For a number of years URBED has also run masterplanning courses for
communities and professionals called Design for Change. As part of the course
we tell participants not to let on that masterplanning is easy! Connect up the
surrounding streets, follow a few simple rules and anyone can do it. Indeed after
a three day residential course we can get community groups to produce good
professional, plans lovingly modelled in plasticine.
This begs some important questions such as: Why do so many professionals find
it so difficult to produce good masterplans? and... Why do so few masterplans,
even the good ones, ever get built? The reason is that in the real, rather than the
plasticine world, masterplanning is actually a complicated, collaborative process
that is quite unlike architecture or indeed town planning.
It is easy enough to draw the perfect plan, but as a masterplanner it is necessary
to find common ground between a wide range of competing interests. These
include commercial clients and their agents, local communities, politician,
highway engineers, ecologists, flood specialists etc... This is before you even
speak to the planning authority and are told that everything needs to change.

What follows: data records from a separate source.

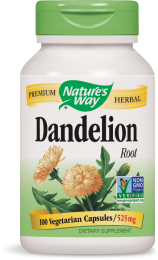 Nature's Way Dandelion Root (1x100 CAP)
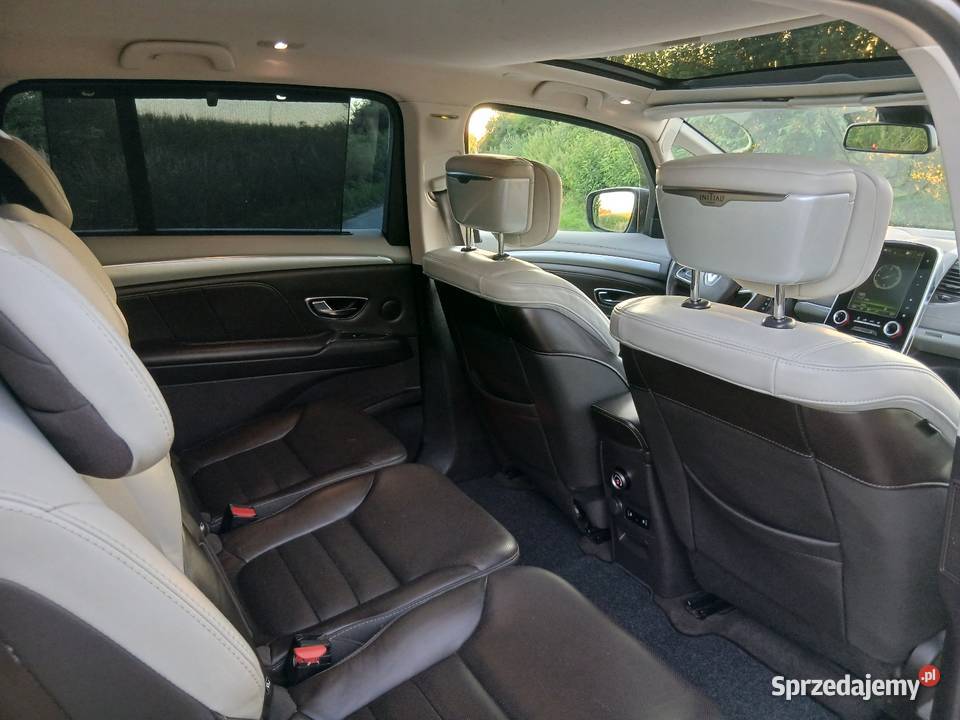 Renault Espace Initale Paris 4Control 16 Automat 4/5 Samochody osobowe Kalisz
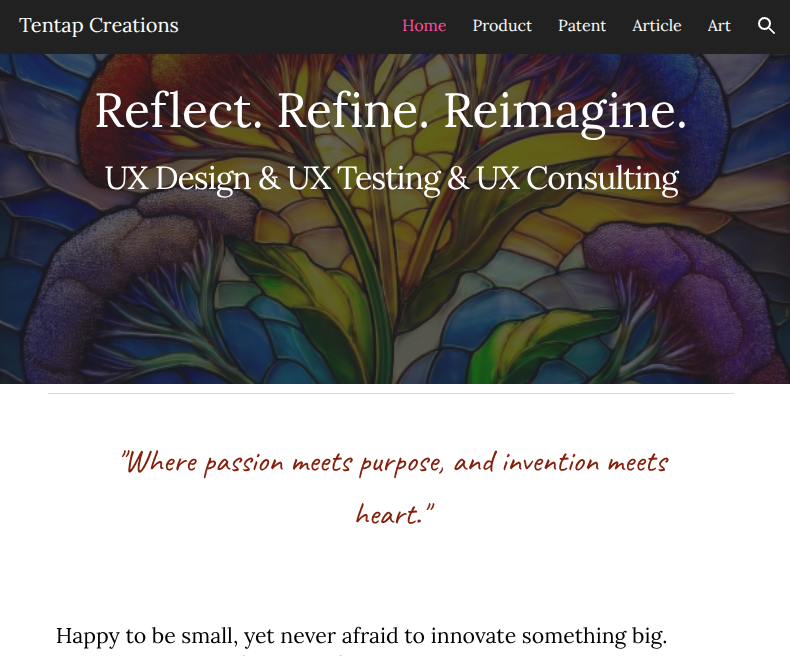 Welcome to visit website for its major updates! 
tentapc.ca/home
The next event would be 3RE.APP in 2026! Visit the website to find out more about "3RE"!

If you need a HAVC Air Filter Removal tool at home, good news, we have made a tiny smart tool for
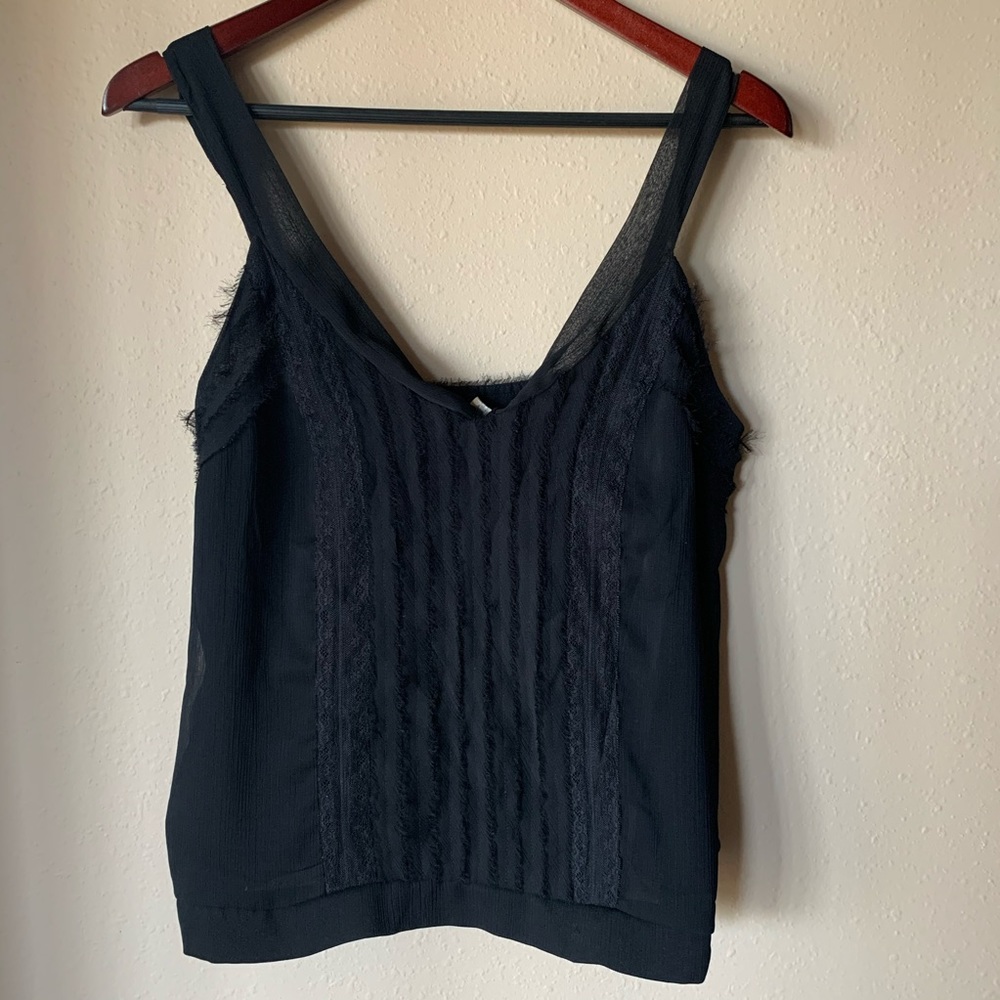 Nicole Lace Tank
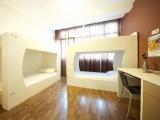 4 Bedrooms Bed in Dorm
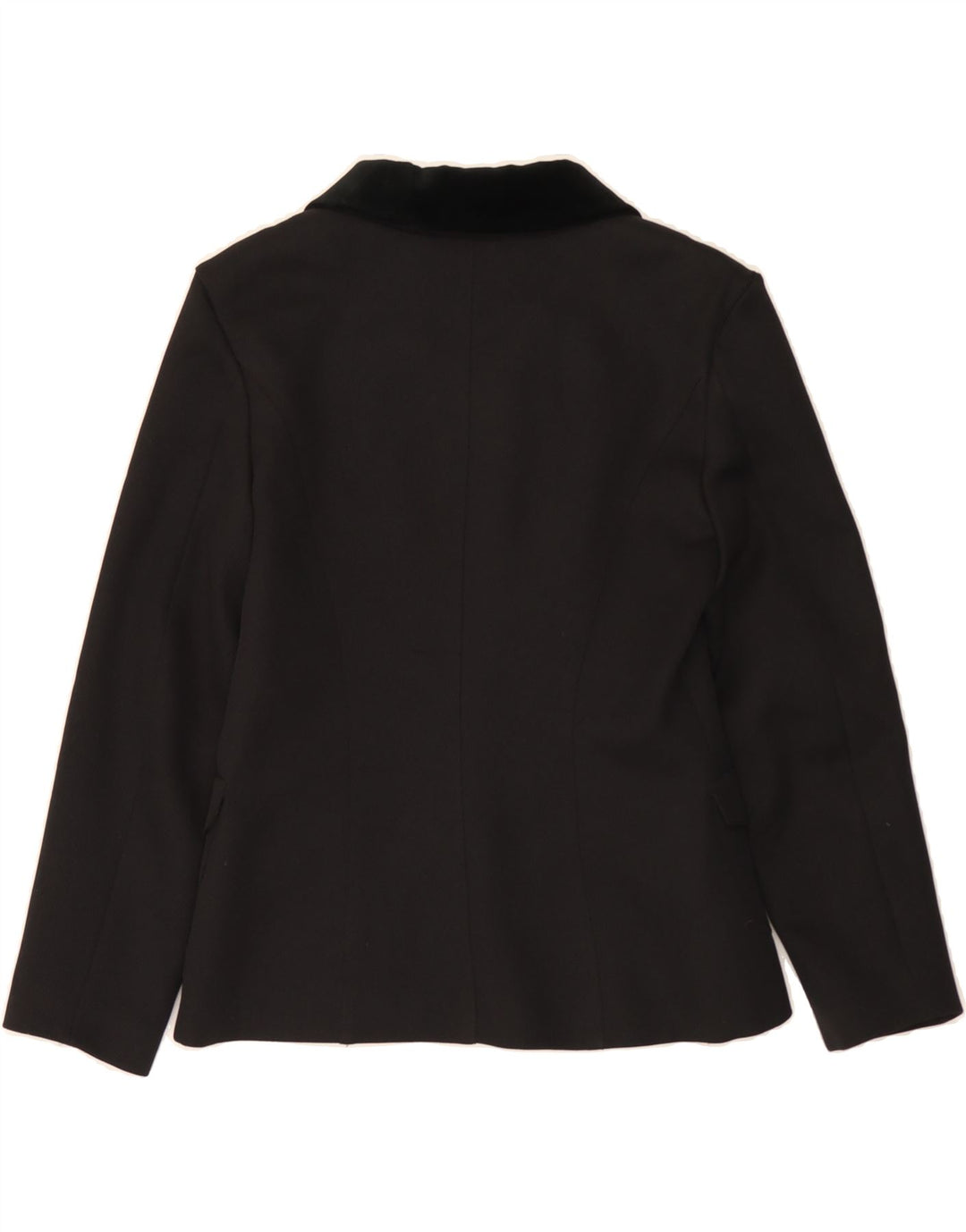 AVANT Womens 5 Button Blazer Jacket IT 44 Medium Grey Polyester Vintage Avant and Second-Hand Avant from Messina Hembry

Reconciling these interests and not ending up with a compromised plan is the first
layer of difficulty.
However even when a planning permission is granted and it feels like you have
achieved something, the work has only just started. Most plans take many years
to build and in that time a host of things can go wrong and usually do. Personnel
move on, sites are bought and sold, markets change and new architects are
appointed who see it as their role to change everything that came before. It is no
wonder that most plans never get built as they were conceived.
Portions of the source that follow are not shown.